● **WHAT IS BEING ASKED**:
In the material below, find the line with "Building Photo - 3222 Middle Fork Vista" and the line with "Lancia Ypsilon Ypsilon", then output both and every line between them exactly, omitting pictures.

● **TASK MATERIAL**:
====================
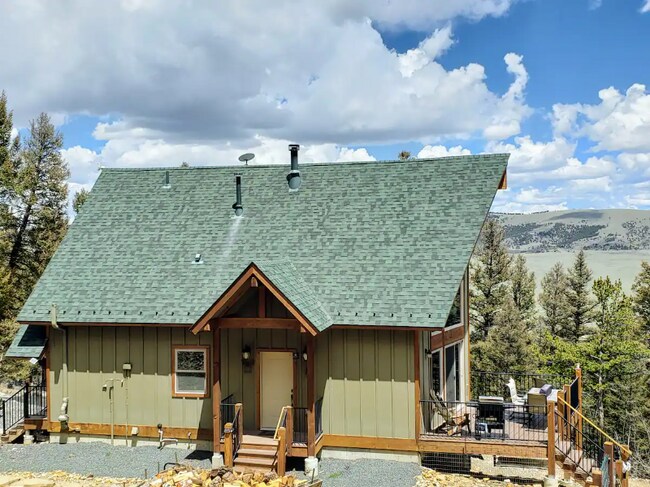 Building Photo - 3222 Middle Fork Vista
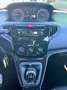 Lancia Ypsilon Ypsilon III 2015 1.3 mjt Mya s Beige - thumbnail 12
====================
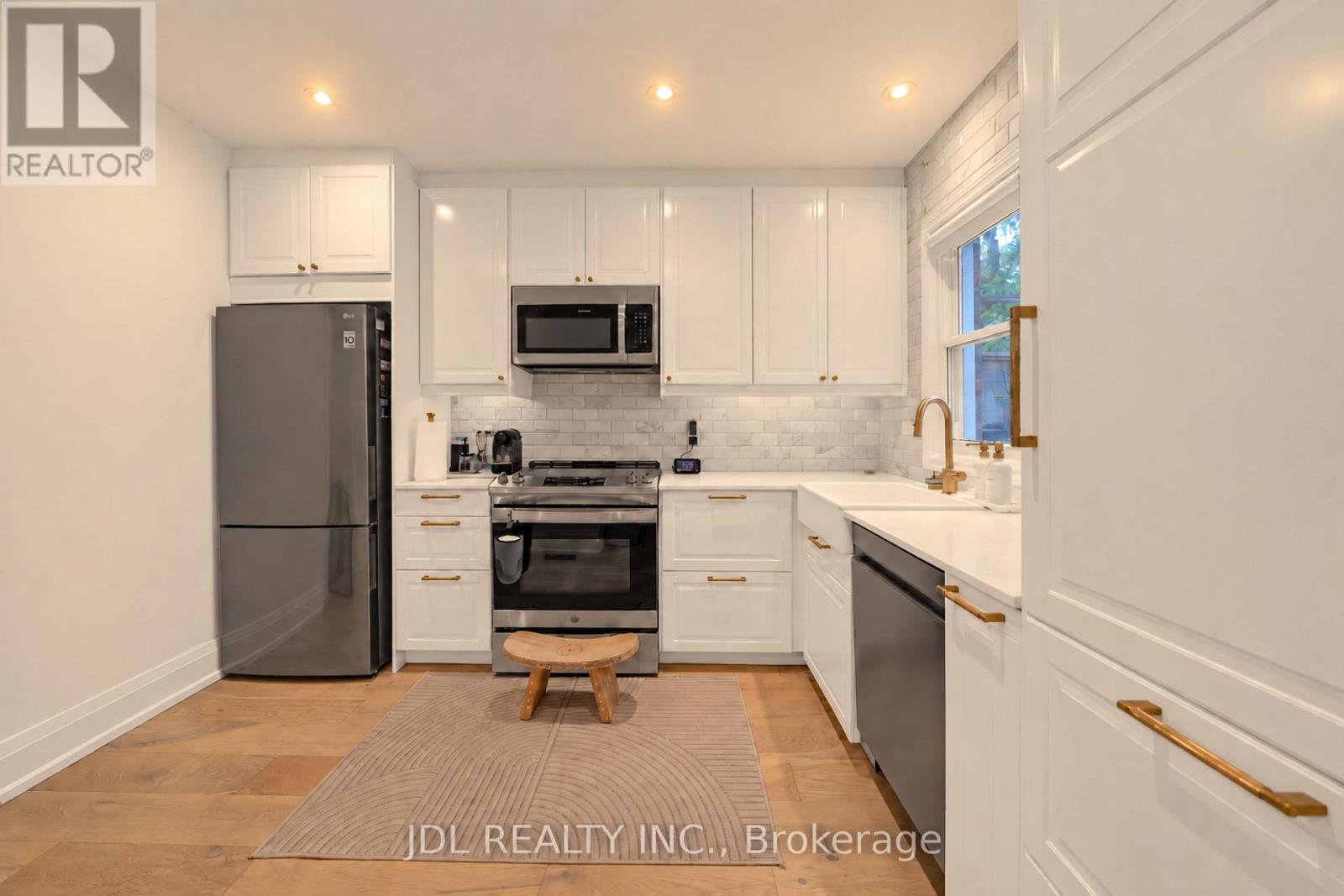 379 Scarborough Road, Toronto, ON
====================
● **ANSWER SPACE**:
 Building Photo - 3222 Middle Fork Vista
 Lancia Ypsilon Ypsilon III 2015 1.3 mjt Mya s Beige - thumbnail 12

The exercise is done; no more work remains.